Your task – In the data below, find the line containing "Three-Headed Monster Poster", then set down that line and every later line up to and including the line containing "Bebé de las Nieves (Capa mole) 1", exactly.

START Provided entries

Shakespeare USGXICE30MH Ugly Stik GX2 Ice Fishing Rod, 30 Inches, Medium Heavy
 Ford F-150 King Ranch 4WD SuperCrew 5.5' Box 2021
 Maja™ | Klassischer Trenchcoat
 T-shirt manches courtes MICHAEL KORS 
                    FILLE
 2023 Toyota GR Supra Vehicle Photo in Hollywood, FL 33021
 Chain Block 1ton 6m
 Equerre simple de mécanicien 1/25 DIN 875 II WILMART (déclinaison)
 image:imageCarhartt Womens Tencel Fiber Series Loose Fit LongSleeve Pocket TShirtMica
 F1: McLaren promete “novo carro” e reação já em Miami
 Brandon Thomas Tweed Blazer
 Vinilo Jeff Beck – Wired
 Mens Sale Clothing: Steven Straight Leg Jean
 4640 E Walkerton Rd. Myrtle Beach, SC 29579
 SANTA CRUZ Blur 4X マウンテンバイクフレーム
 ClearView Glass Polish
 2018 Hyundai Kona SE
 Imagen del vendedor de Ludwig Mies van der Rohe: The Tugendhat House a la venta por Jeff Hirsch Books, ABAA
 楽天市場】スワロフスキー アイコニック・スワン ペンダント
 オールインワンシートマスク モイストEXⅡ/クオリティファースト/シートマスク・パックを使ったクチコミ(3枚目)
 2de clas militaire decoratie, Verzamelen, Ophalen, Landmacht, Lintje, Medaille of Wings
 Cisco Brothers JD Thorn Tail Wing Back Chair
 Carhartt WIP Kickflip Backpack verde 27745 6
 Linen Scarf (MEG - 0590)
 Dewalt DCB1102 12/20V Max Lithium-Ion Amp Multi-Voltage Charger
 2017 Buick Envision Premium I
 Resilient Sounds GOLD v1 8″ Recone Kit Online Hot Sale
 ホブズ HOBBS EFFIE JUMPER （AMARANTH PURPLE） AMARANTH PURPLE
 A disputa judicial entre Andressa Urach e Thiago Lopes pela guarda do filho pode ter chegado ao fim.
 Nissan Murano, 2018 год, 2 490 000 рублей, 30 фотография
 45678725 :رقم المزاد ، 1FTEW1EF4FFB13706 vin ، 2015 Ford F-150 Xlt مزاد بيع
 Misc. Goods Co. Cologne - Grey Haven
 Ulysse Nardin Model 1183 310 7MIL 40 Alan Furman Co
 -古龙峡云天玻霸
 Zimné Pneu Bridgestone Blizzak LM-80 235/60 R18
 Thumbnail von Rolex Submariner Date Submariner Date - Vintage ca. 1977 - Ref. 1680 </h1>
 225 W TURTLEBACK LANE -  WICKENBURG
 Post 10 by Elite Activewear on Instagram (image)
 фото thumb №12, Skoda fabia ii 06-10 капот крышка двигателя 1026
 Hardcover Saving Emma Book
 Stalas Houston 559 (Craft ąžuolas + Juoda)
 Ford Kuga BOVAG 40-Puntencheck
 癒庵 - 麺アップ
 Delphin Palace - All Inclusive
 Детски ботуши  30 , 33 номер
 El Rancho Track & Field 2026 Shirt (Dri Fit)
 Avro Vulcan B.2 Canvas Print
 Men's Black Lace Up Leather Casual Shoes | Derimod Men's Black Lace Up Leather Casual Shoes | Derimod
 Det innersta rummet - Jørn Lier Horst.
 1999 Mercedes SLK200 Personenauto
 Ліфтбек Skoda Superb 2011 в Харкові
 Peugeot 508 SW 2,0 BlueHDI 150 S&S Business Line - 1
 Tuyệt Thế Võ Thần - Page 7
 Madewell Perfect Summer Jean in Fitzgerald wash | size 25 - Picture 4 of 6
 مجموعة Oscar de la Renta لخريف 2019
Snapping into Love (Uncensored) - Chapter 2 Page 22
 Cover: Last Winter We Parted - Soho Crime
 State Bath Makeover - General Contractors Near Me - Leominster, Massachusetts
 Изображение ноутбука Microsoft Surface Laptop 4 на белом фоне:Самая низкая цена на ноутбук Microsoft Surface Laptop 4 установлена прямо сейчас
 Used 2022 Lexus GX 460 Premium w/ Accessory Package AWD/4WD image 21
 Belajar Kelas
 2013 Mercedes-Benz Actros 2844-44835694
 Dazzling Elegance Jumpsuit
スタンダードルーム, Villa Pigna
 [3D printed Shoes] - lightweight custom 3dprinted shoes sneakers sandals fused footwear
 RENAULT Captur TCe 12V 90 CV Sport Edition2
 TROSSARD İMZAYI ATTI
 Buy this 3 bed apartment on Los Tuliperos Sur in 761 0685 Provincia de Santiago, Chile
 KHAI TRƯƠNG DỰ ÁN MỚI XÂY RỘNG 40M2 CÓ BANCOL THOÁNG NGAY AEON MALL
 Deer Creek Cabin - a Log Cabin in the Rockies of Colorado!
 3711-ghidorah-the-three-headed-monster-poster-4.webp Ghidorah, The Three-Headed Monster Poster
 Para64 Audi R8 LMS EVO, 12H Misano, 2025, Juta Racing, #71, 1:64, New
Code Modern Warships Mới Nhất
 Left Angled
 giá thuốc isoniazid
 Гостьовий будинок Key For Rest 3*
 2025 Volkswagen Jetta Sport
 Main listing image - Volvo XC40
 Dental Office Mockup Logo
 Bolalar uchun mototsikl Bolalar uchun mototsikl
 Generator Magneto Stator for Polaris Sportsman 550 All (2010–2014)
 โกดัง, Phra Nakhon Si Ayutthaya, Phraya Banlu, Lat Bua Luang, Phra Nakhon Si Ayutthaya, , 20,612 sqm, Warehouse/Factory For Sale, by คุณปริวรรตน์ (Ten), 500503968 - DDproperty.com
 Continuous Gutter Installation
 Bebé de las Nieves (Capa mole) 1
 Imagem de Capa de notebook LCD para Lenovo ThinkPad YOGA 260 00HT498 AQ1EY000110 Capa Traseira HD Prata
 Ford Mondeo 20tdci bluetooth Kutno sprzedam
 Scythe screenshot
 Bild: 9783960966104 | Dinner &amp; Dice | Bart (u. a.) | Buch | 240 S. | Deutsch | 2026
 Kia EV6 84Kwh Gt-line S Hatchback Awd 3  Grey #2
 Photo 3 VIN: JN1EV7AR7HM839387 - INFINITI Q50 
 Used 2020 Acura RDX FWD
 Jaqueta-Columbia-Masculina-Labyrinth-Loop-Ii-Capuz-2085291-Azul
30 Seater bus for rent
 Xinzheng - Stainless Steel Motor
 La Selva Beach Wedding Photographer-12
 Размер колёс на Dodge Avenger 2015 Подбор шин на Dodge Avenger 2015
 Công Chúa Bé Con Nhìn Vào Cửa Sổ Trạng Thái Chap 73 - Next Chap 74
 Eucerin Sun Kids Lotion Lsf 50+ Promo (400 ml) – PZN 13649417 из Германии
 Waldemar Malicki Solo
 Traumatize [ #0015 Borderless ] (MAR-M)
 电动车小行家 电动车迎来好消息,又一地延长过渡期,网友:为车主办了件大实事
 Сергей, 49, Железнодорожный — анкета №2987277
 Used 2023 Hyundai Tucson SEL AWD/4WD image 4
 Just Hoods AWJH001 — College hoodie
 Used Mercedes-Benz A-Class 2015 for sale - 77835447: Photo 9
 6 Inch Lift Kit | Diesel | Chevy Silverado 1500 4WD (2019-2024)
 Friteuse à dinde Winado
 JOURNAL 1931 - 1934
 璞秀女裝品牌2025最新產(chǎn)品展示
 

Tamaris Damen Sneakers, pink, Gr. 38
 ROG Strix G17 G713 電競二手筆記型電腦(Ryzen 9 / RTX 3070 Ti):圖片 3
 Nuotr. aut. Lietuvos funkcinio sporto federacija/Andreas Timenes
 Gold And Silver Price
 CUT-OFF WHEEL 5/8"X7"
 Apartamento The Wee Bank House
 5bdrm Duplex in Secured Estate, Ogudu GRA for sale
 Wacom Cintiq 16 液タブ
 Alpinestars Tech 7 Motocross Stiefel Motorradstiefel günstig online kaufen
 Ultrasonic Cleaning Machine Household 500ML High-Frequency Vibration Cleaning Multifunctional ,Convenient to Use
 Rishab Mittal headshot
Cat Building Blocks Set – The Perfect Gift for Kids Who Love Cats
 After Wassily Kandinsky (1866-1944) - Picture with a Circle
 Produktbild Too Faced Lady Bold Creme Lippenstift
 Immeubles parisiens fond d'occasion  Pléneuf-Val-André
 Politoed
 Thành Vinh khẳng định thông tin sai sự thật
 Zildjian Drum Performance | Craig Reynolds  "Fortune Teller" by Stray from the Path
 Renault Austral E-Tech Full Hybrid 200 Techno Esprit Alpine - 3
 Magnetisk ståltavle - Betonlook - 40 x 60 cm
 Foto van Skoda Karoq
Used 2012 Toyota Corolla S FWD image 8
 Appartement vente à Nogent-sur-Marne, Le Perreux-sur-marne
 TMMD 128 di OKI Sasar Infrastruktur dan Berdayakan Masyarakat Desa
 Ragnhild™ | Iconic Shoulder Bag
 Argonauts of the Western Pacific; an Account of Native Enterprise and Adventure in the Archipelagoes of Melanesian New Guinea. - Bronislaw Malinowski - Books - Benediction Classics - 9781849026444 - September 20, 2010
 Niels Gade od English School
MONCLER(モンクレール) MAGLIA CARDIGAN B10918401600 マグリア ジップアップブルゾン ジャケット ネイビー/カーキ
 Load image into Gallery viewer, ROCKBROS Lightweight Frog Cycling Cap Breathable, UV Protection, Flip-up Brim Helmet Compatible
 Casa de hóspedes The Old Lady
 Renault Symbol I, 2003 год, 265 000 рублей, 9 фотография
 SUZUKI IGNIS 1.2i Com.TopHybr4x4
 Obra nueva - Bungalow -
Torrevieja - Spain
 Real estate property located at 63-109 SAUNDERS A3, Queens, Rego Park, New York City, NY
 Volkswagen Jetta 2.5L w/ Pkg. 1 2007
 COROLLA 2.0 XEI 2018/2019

END Provided entries

Completed task –
 3711-ghidorah-the-three-headed-monster-poster-4.webp Ghidorah, The Three-Headed Monster Poster
 Para64 Audi R8 LMS EVO, 12H Misano, 2025, Juta Racing, #71, 1:64, New
Code Modern Warships Mới Nhất
 Left Angled
 giá thuốc isoniazid
 Гостьовий будинок Key For Rest 3*
 2025 Volkswagen Jetta Sport
 Main listing image - Volvo XC40
 Dental Office Mockup Logo
 Bolalar uchun mototsikl Bolalar uchun mototsikl
 Generator Magneto Stator for Polaris Sportsman 550 All (2010–2014)
 โกดัง, Phra Nakhon Si Ayutthaya, Phraya Banlu, Lat Bua Luang, Phra Nakhon Si Ayutthaya, , 20,612 sqm, Warehouse/Factory For Sale, by คุณปริวรรตน์ (Ten), 500503968 - DDproperty.com
 Continuous Gutter Installation
 Bebé de las Nieves (Capa mole) 1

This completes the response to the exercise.